The first project to be implemented is a further extension of Line U2 from Aspernstrasse to Seestadt. The work follows a previous extension from Schottenring to Aspernstrasse which provided a third crossing of the River Danube and was completed in 2010, with Stadion station opening in May 2008 ahead of the European Football Championships which were held that summer in Austria and Switzerland.

The latest addition to the line is a completely elevated section which is due to open in October and will have an interchange with Austrian Federal Railways' (ÖBB) Stadlau - Marchegg line at the new Aspern station.
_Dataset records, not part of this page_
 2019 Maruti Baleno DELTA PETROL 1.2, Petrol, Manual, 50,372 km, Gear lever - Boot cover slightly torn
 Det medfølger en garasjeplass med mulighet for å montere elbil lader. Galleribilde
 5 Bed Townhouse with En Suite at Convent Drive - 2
This station is located east of the present S80 terminus at Hausfeldstrasse which will also be extended to the new station. Seestadt will serve a new urban development on the site of an abandoned airfield which will eventually house 20,000 people as well as new businesses that will employ 15,000. The whole area is under construction at present and will be completed in stages up to 2020.
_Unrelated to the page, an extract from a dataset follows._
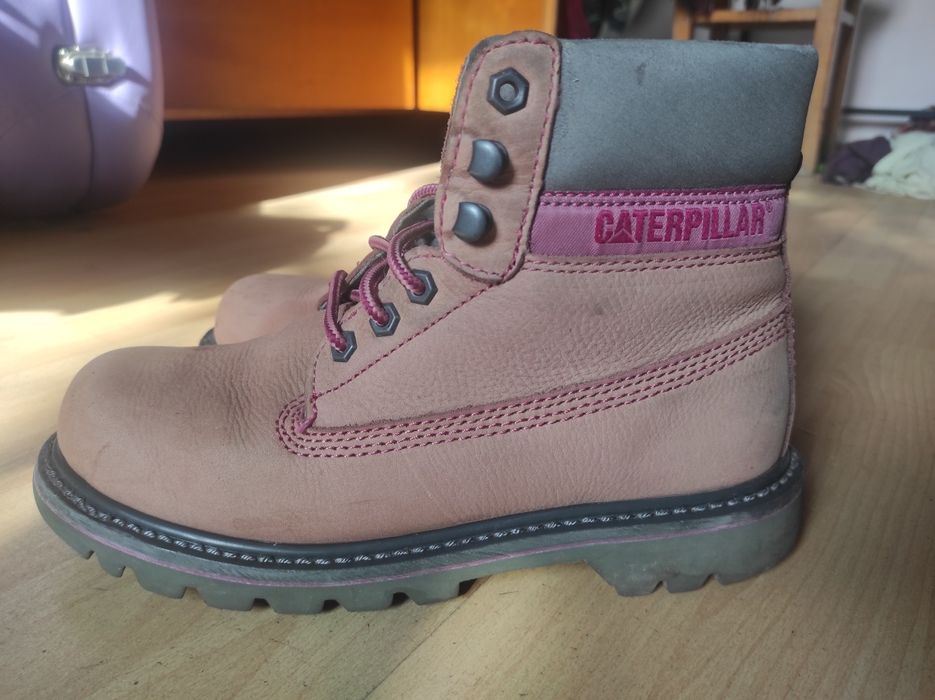 Bocanci Caterpillar roz 40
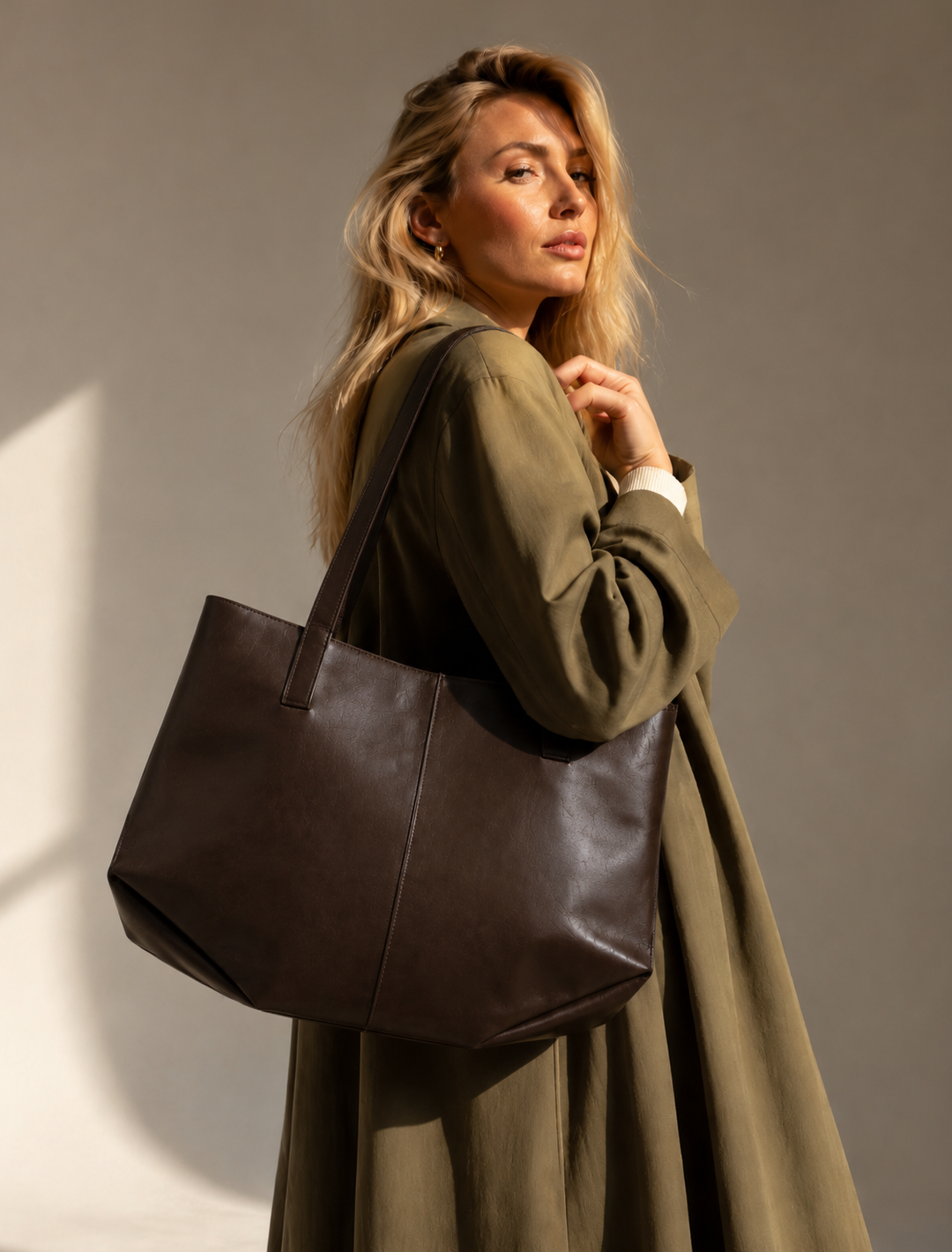 Rivoli Oversized Tote — Espresso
A southern extension of Line U1 is another project included in the fourth expansion phase. Initially the extension was planned from Reumannplatz to Rothneusiedl, the planned site of a new urban development. However, due to high costs this project has been scaled back to an extension to Oberlaa which is currently served by tram Line 67 and will be abandoned once the metro extension opens in 2017. Work on the project is underway with the first section from Reumannplatz set to run in a tunnel and reach the surface north of Alaudagasse from which the line will be elevated. In order to retain the option to build a branch to Rothneusiedl at a later date, Alaudagasse station is designed to act as a future junction.

The third project of phase four is another extension of Line U2, this time from the current city-centre terminus at Karlsplatz to Gudrunstrasse, south of Vienna's new main station which is due to be completed in 2015. While construction of the new metro link will not start before 2019, there is considerable uncertainty about this project because the alignment has not yet been decided. There is a possibility that it might be abandoned in favour of tram lines.
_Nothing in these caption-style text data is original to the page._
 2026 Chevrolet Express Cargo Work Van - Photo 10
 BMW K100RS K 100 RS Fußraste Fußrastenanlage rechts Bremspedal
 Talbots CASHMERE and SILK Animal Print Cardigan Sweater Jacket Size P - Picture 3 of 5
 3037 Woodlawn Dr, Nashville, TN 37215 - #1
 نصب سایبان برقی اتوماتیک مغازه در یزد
Although the Vienna metro is quite young some sections are already in need of major refurbishment. The Reumannplatz - Stephansplatz section of Line U1, which opened in 1978, was the first section to be rebuilt and was closed for six weeks during the summer of 2012 for the work to be carried out. This was necessary to renew the concrete trackbed and to add some new points at Taubstummengasse. Signalling equipment has also been upgraded to the standards of the network's more recent lines.

Line U4 is also showing its age. It was built using the alignment of a former city railway line and suffers from frequent electrical and mechanical failures. However, it has not yet been decided whether a complete closure of certain sections will be needed to carry out repairs.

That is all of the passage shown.